▶ [DESCRIPTION OF THE TASK]: Set the listing down again in full, word for word, with the pictures left out.

▶ [INFORMATION SUPPLIED]:
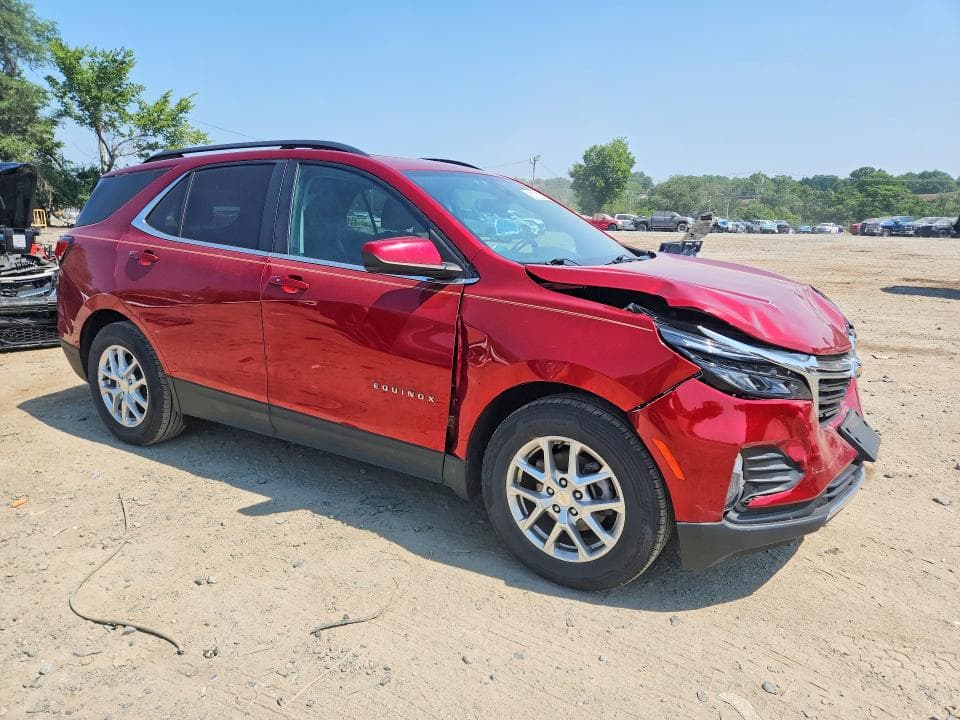2022 CHEVROLET EQUINOX LT 4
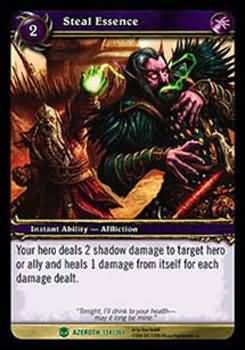 Steal Essence - 134/361 - Uncommon WoW: Heroes of Azeroth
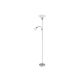 Rabalux Podne lampe Diana E27 G45 1x MAX 60 + E14 1x MAX 40W hrom (4059) - 4059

▶ [TASK RESPONSE]:
2022 CHEVROLET EQUINOX LT 4
 Steal Essence - 134/361 - Uncommon WoW: Heroes of Azeroth
 Rabalux Podne lampe Diana E27 G45 1x MAX 60 + E14 1x MAX 40W hrom (4059) - 4059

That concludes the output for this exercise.